Right. It’s the largest capitalized companies, they’re stacked by cap weighting.
So that index was up twenty-four percent, like you mentioned. But if you were to “equal weight” the S&P 500, so every single stock—all five hundred stocks in the S&P—are weighted exactly the same, that index was only up eleven and a half percent. So what that says is that some of these stocks within the cap-weighted S&P 500 were really pulling the ship!
And if you weren’t fully invested in those stocks to those full weightings, you underperformed what that index did.

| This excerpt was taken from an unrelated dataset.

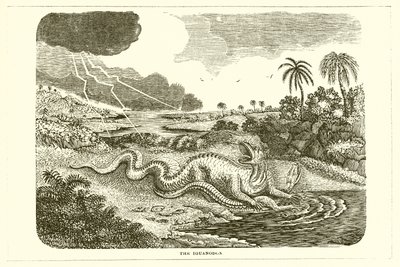 Iguanodon av English School
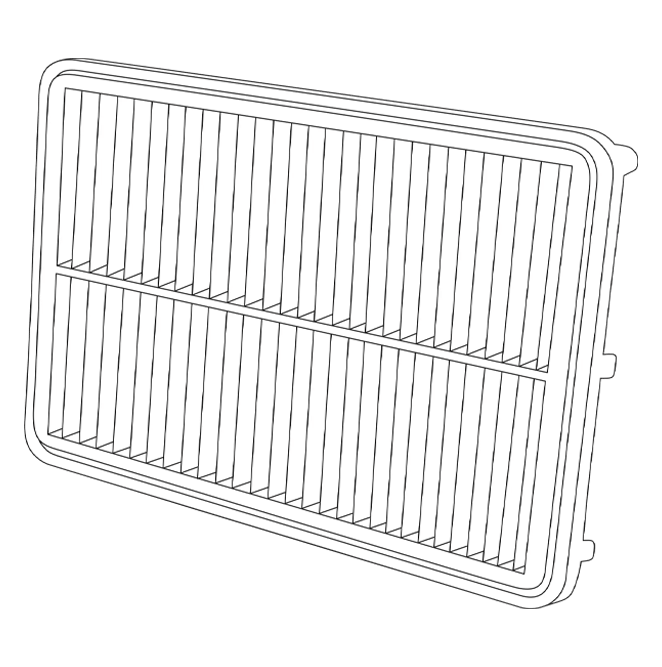 Filtro de aire wire drawing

So you’ll also see that the same names that were pulling the train, so to speak, with the S&P 500 were also pulling the Nasdaq. And so, the next logical question that we get from people is, “Well, hey, if the cap-weighted index includes all of these large-cap names like Amazon, Apple, Microsoft, all of those names, why don’t we just own them — all the time?”
Yeah. And in a year where they’re going up gangbusters, that’s a fair question to ask.
But those same stocks, the ETF that tracks the Nasdaq one hundred stocks, QQQ, that fund was also down thirty-three percent in 2002. And the individual stocks that you’re talking about, some of these huge growth technology companies, if you were to own them individually, you’d have to endure fifty, sixty, seventy percent drawdowns in those bad years — and then hold on to recapture all of the gains that they made in a year like 2023.
So it’s a roller coaster ride. It really is.
Let’s use this in some dollar terms so it’ll help people understand. At the end of 2021, if you had a hundred dollars in the Nasdaq index – or even the S&P 500 cap-weighted index, if the Nasdaq goes down thirty-three percent, your hundred dollars at the end of 2022 is now sixty-seven dollars. If the Nasdaq returns forty percent in the following year, in 2023, your sixty-seven dollars has grown to almost ninety-four dollars. You’re not even back to even.
You haven’t even round-tripped yet.
So that speaks to the benefits of diversification and not putting all of your eggs in one basket. Because sure, you could own just those companies individually, or you could just own the S&P 500 for your stock exposure. But all of these different types of investments—mid-caps, small-caps, large-caps, international versus US—they perform differently at different times, and it can smooth out the ride a little bit.
So in years like 2023, where the market goes up quite a bit, you might not capture one hundred percent of that.
But in years where the S&P 500 or the Nasdaq is going down like in 2022, if you’re diversified in other areas, you might not capture all of that downside as well.
It’s important to know that when historians are talking about the stock market, depending on which yardstick they’re using—over ninety years, over fifty years, whatever yardstick—when they say that “the market has returned nine percent on average per year” or in some cases “ten percent on average per year,” that includes a down year of twenty-five percent. That’s already baked into the cake.
Those numbers are already in there, but you’re never going to get those numbers if you’re hopping in and out of the different baskets and saying, “I want to go to cash because I’m worried about the economy.”
Yeah. It speaks to having an allocation that you can stick with through good times and bad.
So just on a short-term basis, one of the things that we pointed out to clients in the summer of last year, just six months ago, there was a point in time where the Dow Jones Industrial Average, which finished up sixteen percent for the year – was up only one and a half percent.
Yes. So even just within the span of a twelve-month period, if you’re not in at the right times, or you’re trying to time things, you could miss pretty much the entire return for an entire year over the span of a couple of months.
That’s why it’s important to have an allocation that you don’t feel the need to constantly tweak.
Right. You’ve got to let the money that’s going to compound long-term, be left long-term. That really is the answer.
And that’s the message for episode 369.
Thanks as always for tuning in, and we’re going to continue to tinker with this new method of doing videos and podcasts.